### Activity
Exact copy, no pictures: every line from the one that contains "明明白白看下肢静脉曲张" through the end of the data below, and nothing else.

· · ·

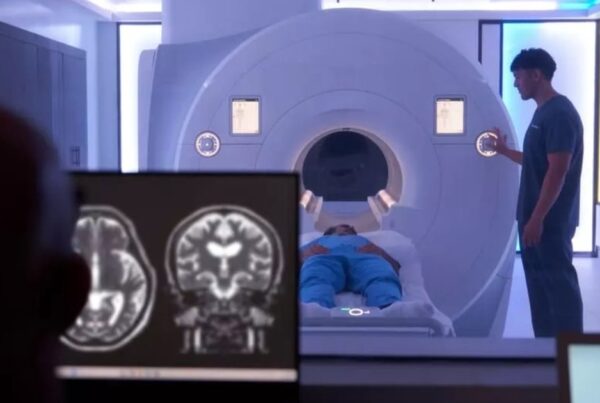 Sala de ressonância magnética em centro de imagem SimonMed com plataforma AI integrada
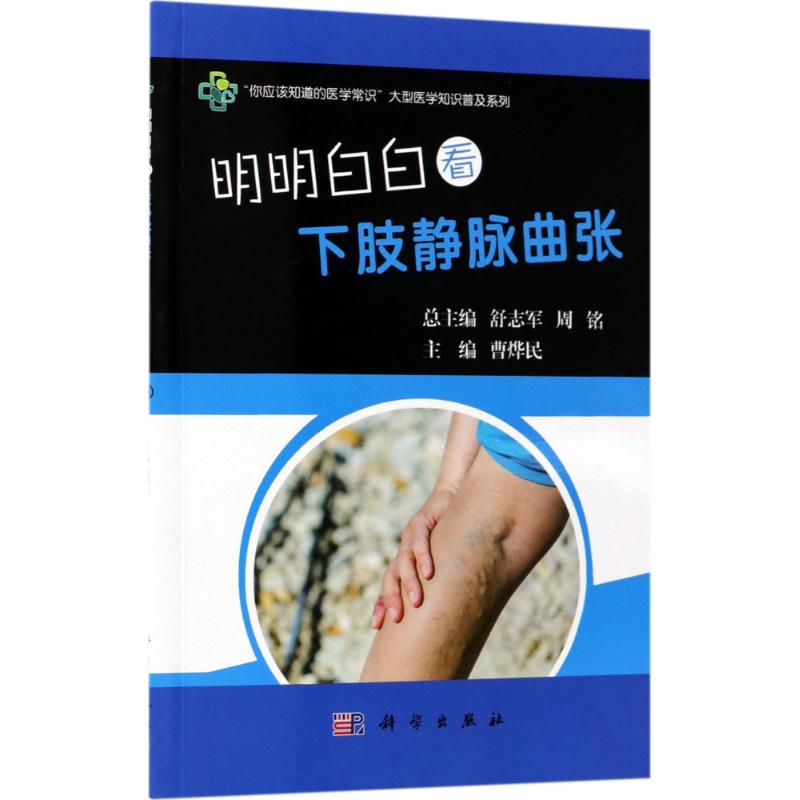 明明白白看下肢静脉曲张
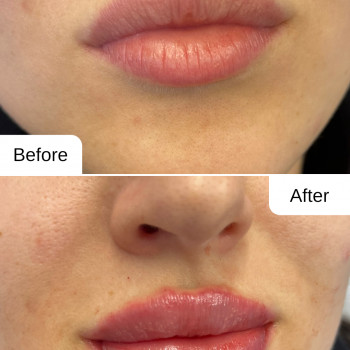 Зволоження губ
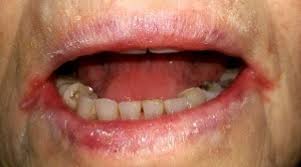 Become the first person to post messages in this. What Is Plummer Vinson Syndrome Stanford Medicine 25 Stanford Medicine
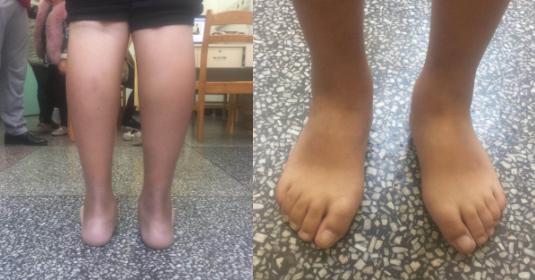 中年人扁平足做微创手术,僵硬型扁平足手术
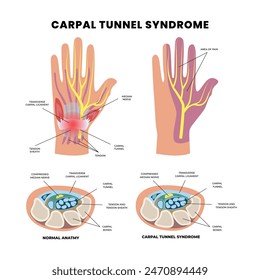 Carpal Tunnel Syndrome diagram poster infographic banner, diagram closeup with muscle, transverse carpal ligament, median nerve, tendon sheath, flexor tendons and bones, Carpal tunnel scheme.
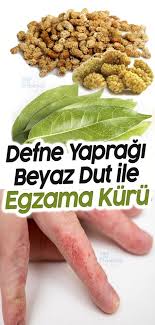 Kuru Dut Ve Defne Yapragi Ile Egzama Tedavisi Beslenme Dogal Saglik Ve Saglikli Olmak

· · ·

### Task result
 明明白白看下肢静脉曲张
 Зволоження губ
 Become the first person to post messages in this. What Is Plummer Vinson Syndrome Stanford Medicine 25 Stanford Medicine
 中年人扁平足做微创手术,僵硬型扁平足手术
 Carpal Tunnel Syndrome diagram poster infographic banner, diagram closeup with muscle, transverse carpal ligament, median nerve, tendon sheath, flexor tendons and bones, Carpal tunnel scheme.
 Kuru Dut Ve Defne Yapragi Ile Egzama Tedavisi Beslenme Dogal Saglik Ve Saglikli Olmak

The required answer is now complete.